Mase singles chronology
|  | "Only You (Bad Boy Remix)" (1996) | "Can't Nobody Hold Me Down" (1997) |

Music video
- "Only You" on YouTube

= Only You (112 song) =

"Only You" is the debut single by R&B group 112, from their 1996 self-titled debut album released by Bad Boy Records. Both the original and the remix were released as singles, in May and July 1996 respectively. Q, Slim, and Mike share lead vocals on both versions of the song. The original features The Notorious B.I.G., and the remix features both B.I.G. and Mase. The original samples the riff from "I Get Lifted" by KC and the Sunshine Band.

The Stevie J and Sean Combs produced song reached number one on two of Billboard's charts: Hot Dance Singles Sales and Hot R&B/Hip-Hop Airplay. The song made its debut at number thirteen on the Billboard Hot 100 on July 27, 1996, spending 39 weeks total on the chart.

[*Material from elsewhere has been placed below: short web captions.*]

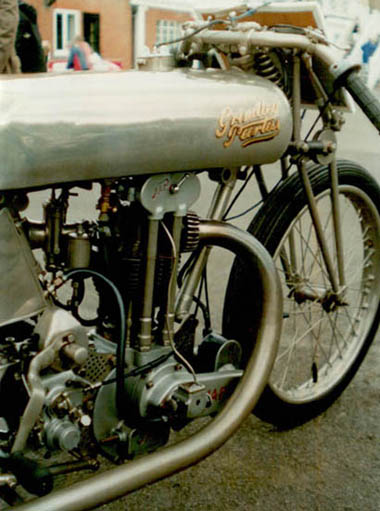 Two race Nortons at home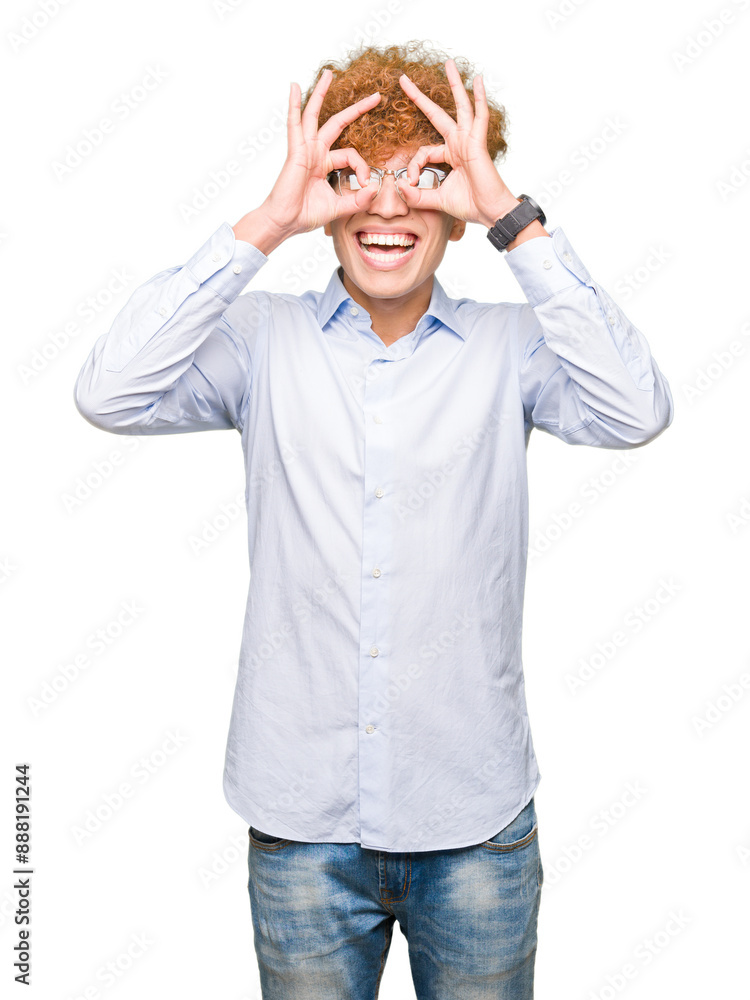 Young handsome business man with afro wearing glasses doing ok gesture like binoculars sticking tongue out, eyes looking through fingers. Crazy expression. Young handsome business man with afro wearing glasses doing ok gesture like binoculars sticking tongue out, eyes looking through fingers. Crazy expression.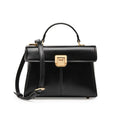 Women's black leather shoulder bag with vachette clasp showing organised interior compartments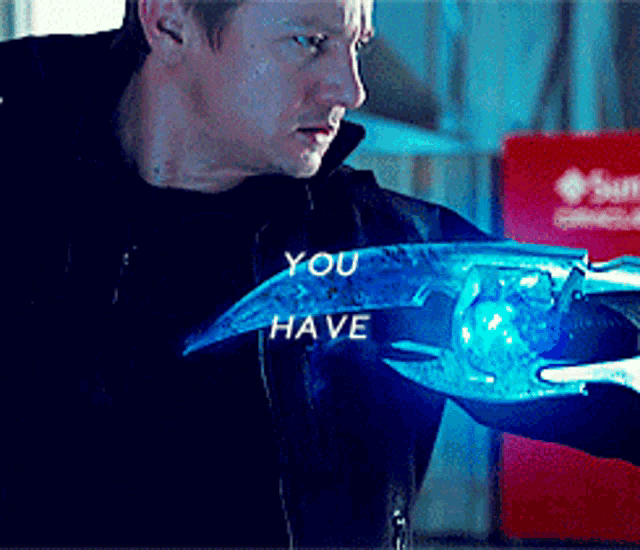 a man in a black jacket is holding a blue object that says " you have "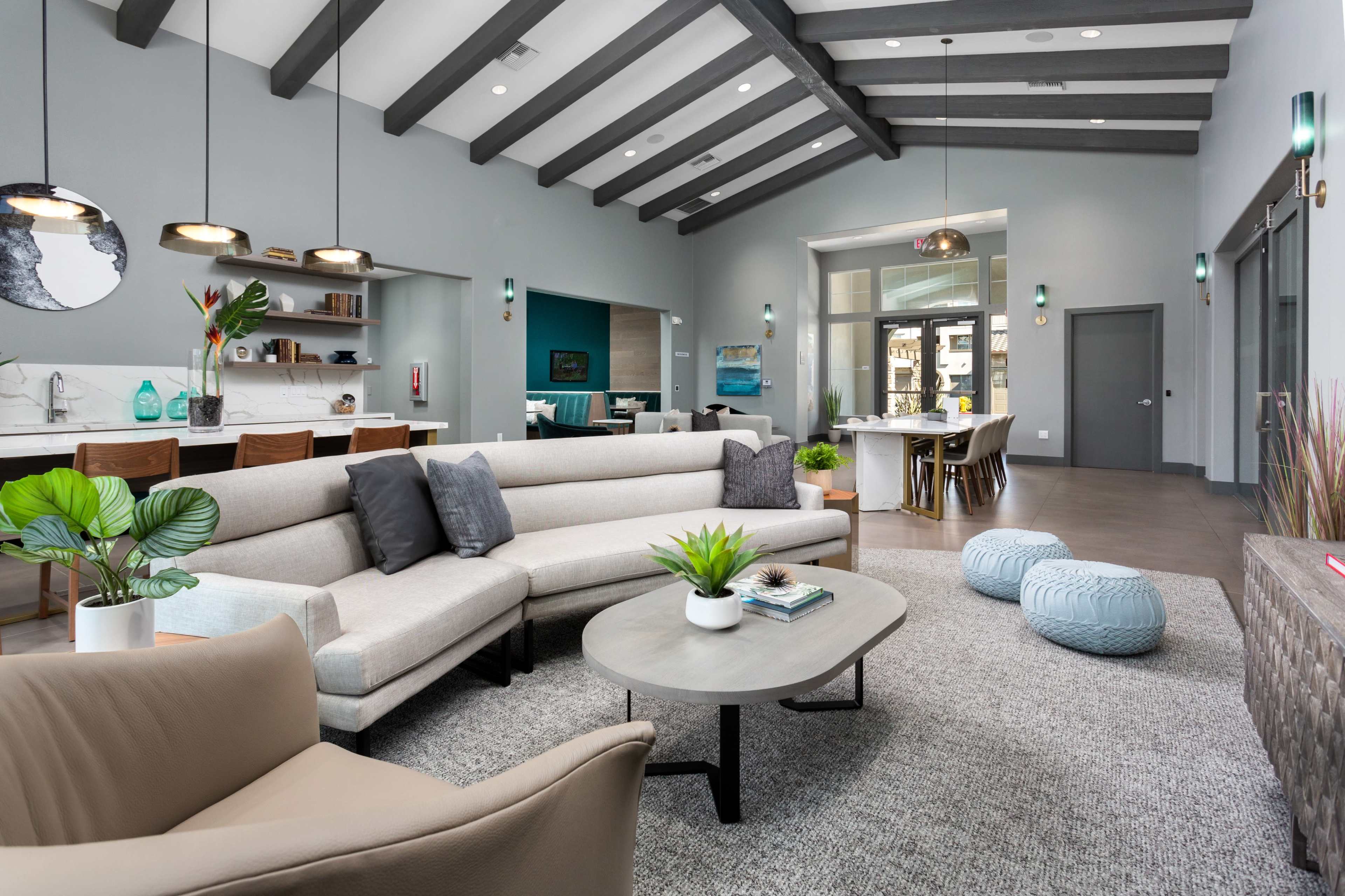 A modern living space features a sectional sofa, a coffee table, and a dining area with a wooden table and blue stools, surrounded by light gray walls and exposed wooden beams.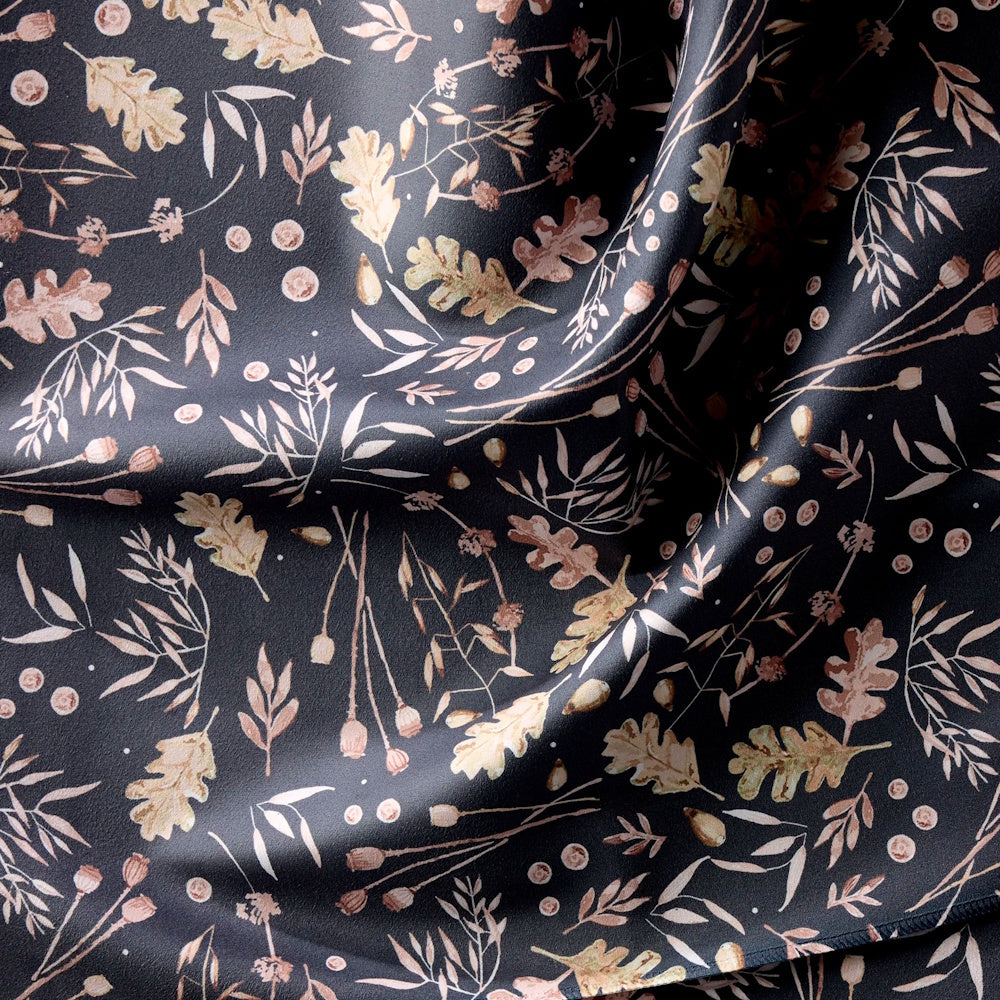 A close-up of dark fabric with a pattern of muted autumn leaves, acorns, and botanical sprigs.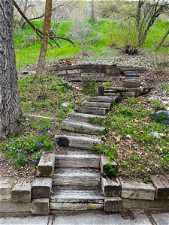 Staircase to firepit and walking/biking/running trail above back yard.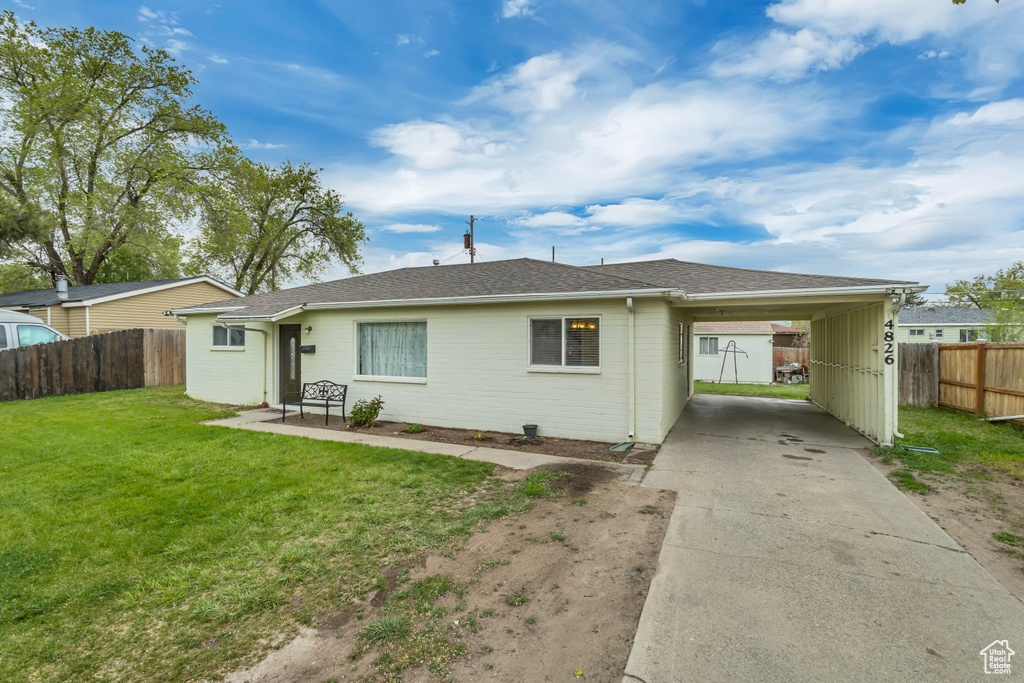 Back of house featuring a shingled roof, a lawn, driveway, a carport, and fence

The group performed the song during their guest appearances on the UPN sitcom Moesha, appearing in the episodes "Friends" (1996) and "The List" (1996).

==Music video==
The music video was directed by Hype Williams and shot in the heart of Times Square. It features 112, Notorious B.I.G., Puff Daddy, and newly signed Bad Boy artist at the time, Mase, rapping in front of a crowd. Cameos are made by Lil' Cease, Stevie J, and Keisha from Total.

==Charts==
===Weekly charts===

| Chart (1996) | Peak position |
|---|---|
| Australia (ARIA) | 53 |
| Canada (Nielsen SoundScan) | 18 |
| New Zealand (Recorded Music NZ) | 43 |
| US Billboard Hot 100 | 13 |
| US Dance Singles Sales (Billboard) | 1 |
| US Hot R&B/Hip-Hop Songs (Billboard) | 3 |
| US Rhythmic Airplay (Billboard) | 13 |

===Year-end charts===

| Chart (1996) | Position |
|---|---|
| US Billboard Hot 100 | 34 |
| US Hot R&B/Hip-Hop Songs (Billboard) | 7 |

==Certifications==

| Region | Certification | Certified units/sales |
| New Zealand (RMNZ) | Platinum | 30,000^{‡} |
| United Kingdom (BPI) | Silver | 200,000^{‡} |
| United States (RIAA) | Gold | 500,000 |
^{‡} Sales+streaming figures based on certification alone.